I then saw the game itself at The Compleat Strategist in Boston, MA and again no one was claiming it belonged to the OTU.
In both the handouts, ads, and physical copies I saw, the description of the game was simply too different and the game's links to the Twilight:2000 setting and mechanics were explicit for anyone to presume the game had any link to the OTU.
If a distributor solicited it as an "OTU pre-ISW/pre-Vilani-Contact" than that was the distributor's problem.
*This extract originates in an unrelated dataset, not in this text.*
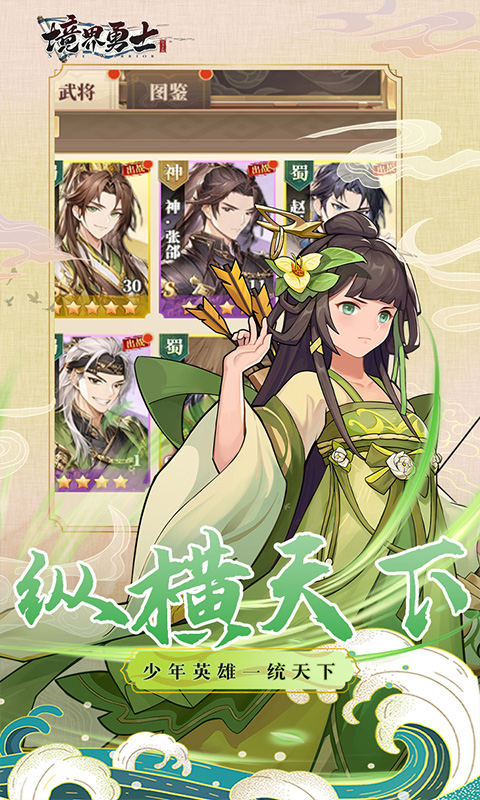 境界勇士新塔防截图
GDW never meant it be an "OTU pre-ISW/pre-Vilani-Contact" game and even changed the game's poorly chosen original name to prevent any further confusion.
Leaving the confusion of the 1986 release period aside, I simply cannot believe that 26 years later, with the internet available, and with a 2300AD forum present on this very site, someone would still think Traveller:2300, stutterwarp, the Kafers, the Pentapods, and all the rest are somehow part of the OTU
(1) You grossly overestimate the intelligence of the average person, as well as the ability of same to notice details.
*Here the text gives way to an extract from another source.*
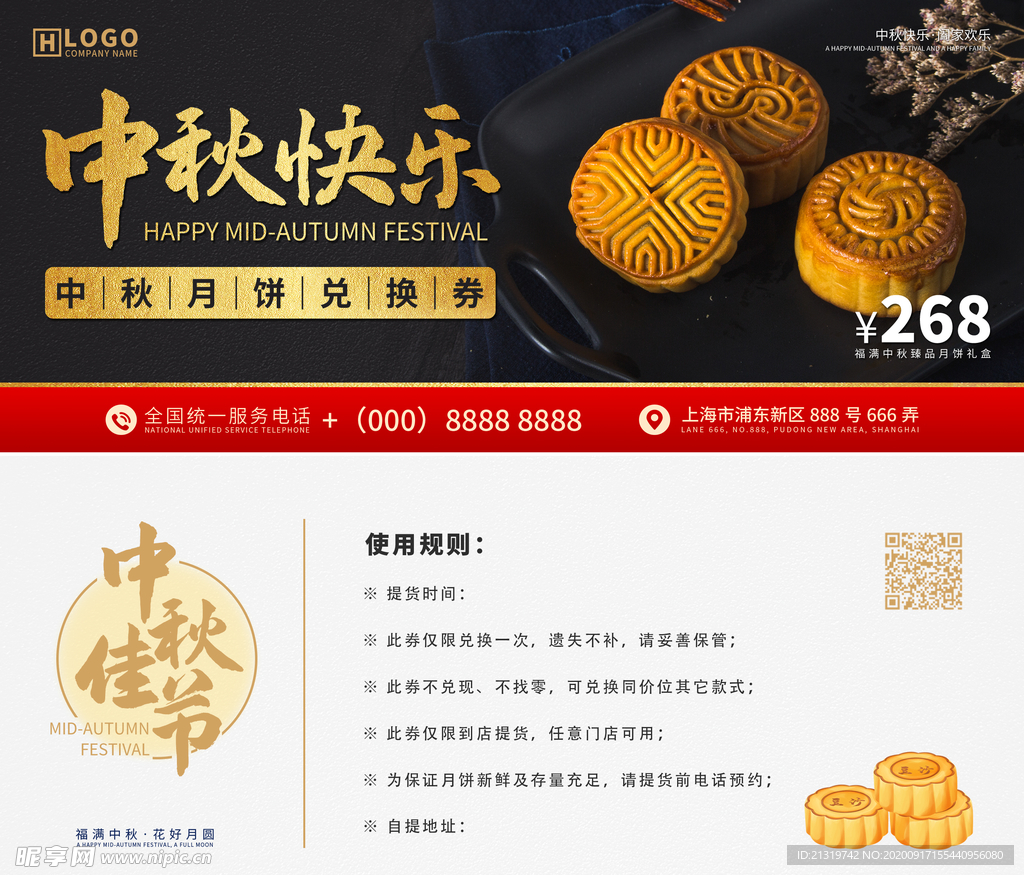 中秋礼券 月饼券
(2)There is little indication in the period 86-88 period that it wasn't part of the OTU (until after release) and plenty of indication (in the explanation of the name change) that the confusion about that was rampant in the 1986-1988 period.
(3) only one other game line prior had a different official setting between editions, and in that case (D&D), the official line had two already (Greyhawk and Forgotten Realms) before the Known World (aka Mystara) setting was added.
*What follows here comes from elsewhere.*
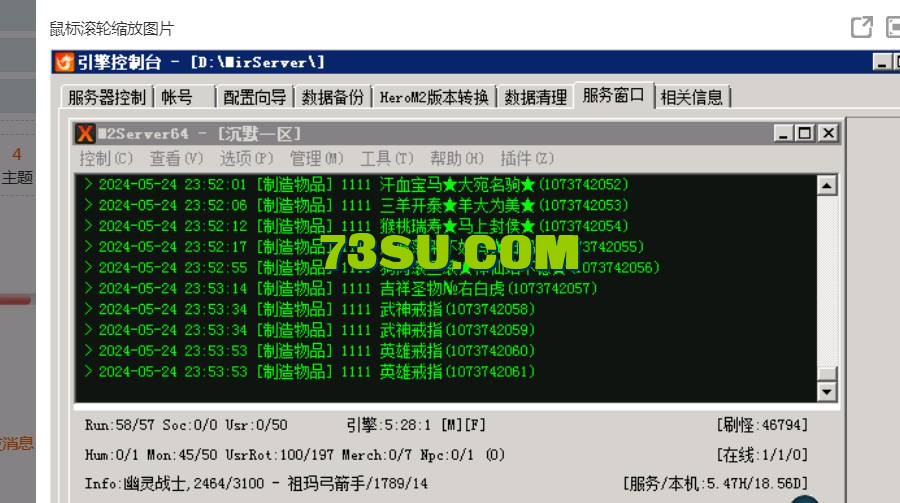 QQ截图20240525231831.png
(3a) Traveller 2300 looked like an edition change, not a new game entirely. Even after reading it, back in 1986, nothing lept out and said "This ain't the OTU"... (And in reskimming it today, it STILL doesn't say "This ain't the OTU."
(3b) nothing really said "This is the future of the T2K setting," either, in that early period... T2300 didn't even use the term "Twilight War"... the history in T2300 doesn't match that of T2K1E. (I reskimmed it. It has a paragraph on the end of WWIII in the history chapter, and a few scattered paragraphs in the nations chapters.)
The Name change was essential to creating its own identity... but 2 years after release was too late.
It didn't help that the two commercial 'zines covering 2300 game also covered CT and MT... Challenge and Traveller's Digest.
You find that most of the names of the authors for 2300AD are noted for Traveller, as well. And not just the design team. Rob Dean, Andy Slack, and several others were prolific for both Traveller and 2300.
The confusion lasted through the early 90's for many - the damage was done by the 1st edition title, and the association in Challenge and TD.
And now, with the 2300 setting port to MGT, that confusion is now enhanced again by both the name "Traveller: 2300AD" and the shared mechanics, as well as requiring the use of the Traveller core rules. Expect more people to confound the two, and many will use it in hybrid, even as it is explicitly an alternate setting. (In exactly the same way that many people indiscriminately used Greyhawk, FR, and Mystara bits in games set in the other two settings.)
(Aramis then proceeds to point in Cryton's direction with a nudge to Whipsnade. "As I said, some will combine them.")
In any case, the answer to HRLMT's question is "Officially, they never existed in the OTU, because 2300 was a separate TU."
But don't presume that people won't leap to the wrong conclusion,
especially since the new "2300" is actually a Traveller milieux book for MGT, not T:2300 3rd Ed.